Segment Start: MATERIAL FOR THIS TASK

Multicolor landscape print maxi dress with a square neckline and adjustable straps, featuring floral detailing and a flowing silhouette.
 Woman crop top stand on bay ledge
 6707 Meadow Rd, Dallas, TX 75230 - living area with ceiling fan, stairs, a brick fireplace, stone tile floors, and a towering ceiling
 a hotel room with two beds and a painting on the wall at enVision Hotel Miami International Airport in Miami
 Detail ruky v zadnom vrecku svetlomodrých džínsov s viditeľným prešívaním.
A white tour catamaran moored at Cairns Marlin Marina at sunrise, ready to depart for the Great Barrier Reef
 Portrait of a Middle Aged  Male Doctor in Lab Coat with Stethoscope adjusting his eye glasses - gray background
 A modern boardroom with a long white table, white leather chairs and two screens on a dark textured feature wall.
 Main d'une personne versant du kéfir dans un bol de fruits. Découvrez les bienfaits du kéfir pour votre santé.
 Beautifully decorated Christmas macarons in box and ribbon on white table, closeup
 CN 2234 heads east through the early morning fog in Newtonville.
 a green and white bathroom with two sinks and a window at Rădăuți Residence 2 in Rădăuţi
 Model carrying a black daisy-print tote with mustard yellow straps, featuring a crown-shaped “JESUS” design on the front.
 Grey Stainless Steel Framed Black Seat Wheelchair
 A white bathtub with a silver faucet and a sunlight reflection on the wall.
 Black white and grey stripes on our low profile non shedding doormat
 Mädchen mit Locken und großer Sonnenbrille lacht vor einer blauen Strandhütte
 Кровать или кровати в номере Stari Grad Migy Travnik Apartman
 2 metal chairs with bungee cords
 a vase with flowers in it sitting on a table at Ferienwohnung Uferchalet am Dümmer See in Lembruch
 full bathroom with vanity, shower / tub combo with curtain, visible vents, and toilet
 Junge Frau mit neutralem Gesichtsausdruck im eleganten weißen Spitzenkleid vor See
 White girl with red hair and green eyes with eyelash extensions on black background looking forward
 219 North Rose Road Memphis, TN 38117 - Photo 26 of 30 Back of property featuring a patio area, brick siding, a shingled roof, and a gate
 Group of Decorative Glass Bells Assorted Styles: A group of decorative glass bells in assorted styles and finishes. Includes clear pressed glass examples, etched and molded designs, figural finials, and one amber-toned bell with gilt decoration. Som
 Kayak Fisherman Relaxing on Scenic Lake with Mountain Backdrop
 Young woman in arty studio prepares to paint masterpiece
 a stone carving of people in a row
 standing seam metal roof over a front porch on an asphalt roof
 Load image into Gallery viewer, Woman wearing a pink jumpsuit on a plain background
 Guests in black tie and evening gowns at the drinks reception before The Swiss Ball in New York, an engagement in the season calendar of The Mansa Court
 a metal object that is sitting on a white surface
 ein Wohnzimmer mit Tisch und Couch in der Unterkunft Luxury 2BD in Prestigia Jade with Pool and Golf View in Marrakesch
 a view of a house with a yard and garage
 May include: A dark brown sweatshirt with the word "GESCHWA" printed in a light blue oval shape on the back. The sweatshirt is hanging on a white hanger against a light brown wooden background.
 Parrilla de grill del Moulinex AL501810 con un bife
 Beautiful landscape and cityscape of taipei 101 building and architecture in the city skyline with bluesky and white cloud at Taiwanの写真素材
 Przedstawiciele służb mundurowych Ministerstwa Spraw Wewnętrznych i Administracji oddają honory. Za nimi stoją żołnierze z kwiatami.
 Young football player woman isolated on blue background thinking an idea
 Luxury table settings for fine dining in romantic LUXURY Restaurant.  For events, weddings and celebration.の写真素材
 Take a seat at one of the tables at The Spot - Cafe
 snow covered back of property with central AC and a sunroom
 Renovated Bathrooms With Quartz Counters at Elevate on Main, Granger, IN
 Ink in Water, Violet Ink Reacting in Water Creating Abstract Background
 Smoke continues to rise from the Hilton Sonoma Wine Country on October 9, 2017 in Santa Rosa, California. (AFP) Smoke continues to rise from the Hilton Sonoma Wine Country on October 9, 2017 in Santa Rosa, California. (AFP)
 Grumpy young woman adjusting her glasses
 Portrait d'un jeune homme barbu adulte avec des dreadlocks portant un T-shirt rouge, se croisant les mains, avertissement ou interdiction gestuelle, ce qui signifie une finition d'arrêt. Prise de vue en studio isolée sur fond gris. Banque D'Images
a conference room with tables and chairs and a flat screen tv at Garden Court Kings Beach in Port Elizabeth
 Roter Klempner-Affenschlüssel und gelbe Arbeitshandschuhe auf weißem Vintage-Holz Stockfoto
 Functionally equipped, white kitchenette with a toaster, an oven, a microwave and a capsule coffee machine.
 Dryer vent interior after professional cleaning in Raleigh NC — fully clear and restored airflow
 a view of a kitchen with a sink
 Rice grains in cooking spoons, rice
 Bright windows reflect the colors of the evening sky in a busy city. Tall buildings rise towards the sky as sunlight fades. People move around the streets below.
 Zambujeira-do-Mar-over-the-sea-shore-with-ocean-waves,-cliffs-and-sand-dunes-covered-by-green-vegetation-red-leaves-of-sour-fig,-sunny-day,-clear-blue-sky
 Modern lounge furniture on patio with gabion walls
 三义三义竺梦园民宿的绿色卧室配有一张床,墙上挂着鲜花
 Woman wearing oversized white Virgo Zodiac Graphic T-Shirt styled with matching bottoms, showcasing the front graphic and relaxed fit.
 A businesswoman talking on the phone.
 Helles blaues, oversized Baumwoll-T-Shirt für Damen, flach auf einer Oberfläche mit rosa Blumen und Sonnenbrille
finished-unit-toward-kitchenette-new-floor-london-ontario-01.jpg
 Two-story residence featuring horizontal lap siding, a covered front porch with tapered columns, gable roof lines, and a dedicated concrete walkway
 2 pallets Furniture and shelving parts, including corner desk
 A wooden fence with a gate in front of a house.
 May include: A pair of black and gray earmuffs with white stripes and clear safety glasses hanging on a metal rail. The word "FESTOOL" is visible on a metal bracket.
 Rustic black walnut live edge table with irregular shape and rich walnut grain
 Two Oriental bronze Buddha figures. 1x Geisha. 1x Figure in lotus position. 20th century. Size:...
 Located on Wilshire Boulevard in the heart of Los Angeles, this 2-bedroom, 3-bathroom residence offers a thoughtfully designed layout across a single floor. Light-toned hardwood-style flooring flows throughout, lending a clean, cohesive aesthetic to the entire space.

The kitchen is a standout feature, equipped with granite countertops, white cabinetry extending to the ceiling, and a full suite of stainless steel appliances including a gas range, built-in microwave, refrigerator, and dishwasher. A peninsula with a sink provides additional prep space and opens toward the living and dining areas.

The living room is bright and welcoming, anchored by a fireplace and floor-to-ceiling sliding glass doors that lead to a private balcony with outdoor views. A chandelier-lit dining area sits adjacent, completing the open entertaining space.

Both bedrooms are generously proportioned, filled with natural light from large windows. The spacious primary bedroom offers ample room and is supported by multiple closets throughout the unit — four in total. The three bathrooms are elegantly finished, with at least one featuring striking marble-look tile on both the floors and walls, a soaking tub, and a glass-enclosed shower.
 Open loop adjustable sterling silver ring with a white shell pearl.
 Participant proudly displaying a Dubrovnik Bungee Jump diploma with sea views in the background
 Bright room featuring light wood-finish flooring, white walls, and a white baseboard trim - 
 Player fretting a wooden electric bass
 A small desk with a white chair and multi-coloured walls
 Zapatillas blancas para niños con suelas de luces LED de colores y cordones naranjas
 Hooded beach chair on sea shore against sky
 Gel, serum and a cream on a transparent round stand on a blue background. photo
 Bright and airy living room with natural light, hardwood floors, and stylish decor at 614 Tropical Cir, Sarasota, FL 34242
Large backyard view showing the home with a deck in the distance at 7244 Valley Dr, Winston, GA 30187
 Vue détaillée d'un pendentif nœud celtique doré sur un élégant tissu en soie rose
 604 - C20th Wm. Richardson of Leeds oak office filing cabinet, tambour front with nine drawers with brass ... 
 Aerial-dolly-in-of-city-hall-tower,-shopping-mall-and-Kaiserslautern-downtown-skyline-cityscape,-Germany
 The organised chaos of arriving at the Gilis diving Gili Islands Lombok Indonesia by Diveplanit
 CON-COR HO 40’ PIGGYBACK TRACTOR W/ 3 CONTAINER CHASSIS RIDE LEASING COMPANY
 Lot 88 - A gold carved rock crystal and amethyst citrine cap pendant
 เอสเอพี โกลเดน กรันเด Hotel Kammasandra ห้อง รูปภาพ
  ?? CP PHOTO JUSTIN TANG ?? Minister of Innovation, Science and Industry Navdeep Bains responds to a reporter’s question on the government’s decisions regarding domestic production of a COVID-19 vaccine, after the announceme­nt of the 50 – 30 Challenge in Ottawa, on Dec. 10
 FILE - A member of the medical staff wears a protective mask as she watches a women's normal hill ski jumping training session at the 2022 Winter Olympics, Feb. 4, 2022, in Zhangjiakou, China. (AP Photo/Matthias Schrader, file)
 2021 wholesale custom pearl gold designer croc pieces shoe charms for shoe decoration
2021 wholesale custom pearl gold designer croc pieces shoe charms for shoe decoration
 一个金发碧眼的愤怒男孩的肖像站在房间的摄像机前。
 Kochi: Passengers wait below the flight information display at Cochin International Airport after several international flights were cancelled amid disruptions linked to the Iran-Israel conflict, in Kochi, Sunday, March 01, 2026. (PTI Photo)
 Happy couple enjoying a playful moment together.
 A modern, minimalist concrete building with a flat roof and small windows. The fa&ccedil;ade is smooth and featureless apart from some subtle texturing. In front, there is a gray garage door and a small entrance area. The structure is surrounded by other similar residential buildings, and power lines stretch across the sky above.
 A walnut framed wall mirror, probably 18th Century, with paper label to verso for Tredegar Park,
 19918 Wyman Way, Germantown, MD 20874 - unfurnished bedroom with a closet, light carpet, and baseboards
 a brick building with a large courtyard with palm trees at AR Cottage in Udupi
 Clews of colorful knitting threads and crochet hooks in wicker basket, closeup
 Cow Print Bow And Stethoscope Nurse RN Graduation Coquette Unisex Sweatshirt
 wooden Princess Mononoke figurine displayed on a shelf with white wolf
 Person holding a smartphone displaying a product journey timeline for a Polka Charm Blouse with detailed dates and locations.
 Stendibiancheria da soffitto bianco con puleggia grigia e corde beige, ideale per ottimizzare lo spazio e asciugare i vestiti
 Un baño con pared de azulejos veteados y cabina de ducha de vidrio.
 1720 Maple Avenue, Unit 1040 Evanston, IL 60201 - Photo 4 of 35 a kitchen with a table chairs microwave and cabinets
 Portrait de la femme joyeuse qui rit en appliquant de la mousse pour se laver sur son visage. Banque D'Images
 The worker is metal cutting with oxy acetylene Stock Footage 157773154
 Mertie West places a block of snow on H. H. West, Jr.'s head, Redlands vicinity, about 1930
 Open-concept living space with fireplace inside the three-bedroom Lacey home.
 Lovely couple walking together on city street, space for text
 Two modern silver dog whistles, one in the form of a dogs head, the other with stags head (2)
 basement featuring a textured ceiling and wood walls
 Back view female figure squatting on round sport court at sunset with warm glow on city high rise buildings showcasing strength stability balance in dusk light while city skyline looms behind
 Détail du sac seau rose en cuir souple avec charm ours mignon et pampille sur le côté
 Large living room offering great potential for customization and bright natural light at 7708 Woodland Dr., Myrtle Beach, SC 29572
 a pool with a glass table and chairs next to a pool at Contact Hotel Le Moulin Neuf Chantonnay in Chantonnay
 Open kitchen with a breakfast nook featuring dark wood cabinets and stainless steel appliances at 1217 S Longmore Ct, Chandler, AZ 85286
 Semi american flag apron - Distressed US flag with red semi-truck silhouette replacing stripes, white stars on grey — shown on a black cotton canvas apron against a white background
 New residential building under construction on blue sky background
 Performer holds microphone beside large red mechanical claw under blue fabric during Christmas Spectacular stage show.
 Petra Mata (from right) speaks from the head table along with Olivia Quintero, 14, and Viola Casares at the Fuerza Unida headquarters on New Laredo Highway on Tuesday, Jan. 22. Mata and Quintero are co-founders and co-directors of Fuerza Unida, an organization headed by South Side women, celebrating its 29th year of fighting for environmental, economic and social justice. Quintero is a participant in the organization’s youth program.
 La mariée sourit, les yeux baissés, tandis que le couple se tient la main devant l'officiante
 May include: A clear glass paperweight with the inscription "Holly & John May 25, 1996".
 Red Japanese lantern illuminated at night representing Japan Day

Segment End: MATERIAL FOR THIS TASK

▸ **EXERCISE**:
Would you retype exactly the lines above, from the line with "FILE - A member" to the line with "Happy couple enjoying", with both end lines kept and nothing more?

▸ **TASK RESPONSE**:
 FILE - A member of the medical staff wears a protective mask as she watches a women's normal hill ski jumping training session at the 2022 Winter Olympics, Feb. 4, 2022, in Zhangjiakou, China. (AP Photo/Matthias Schrader, file)
 2021 wholesale custom pearl gold designer croc pieces shoe charms for shoe decoration
2021 wholesale custom pearl gold designer croc pieces shoe charms for shoe decoration
 一个金发碧眼的愤怒男孩的肖像站在房间的摄像机前。
 Kochi: Passengers wait below the flight information display at Cochin International Airport after several international flights were cancelled amid disruptions linked to the Iran-Israel conflict, in Kochi, Sunday, March 01, 2026. (PTI Photo)
 Happy couple enjoying a playful moment together.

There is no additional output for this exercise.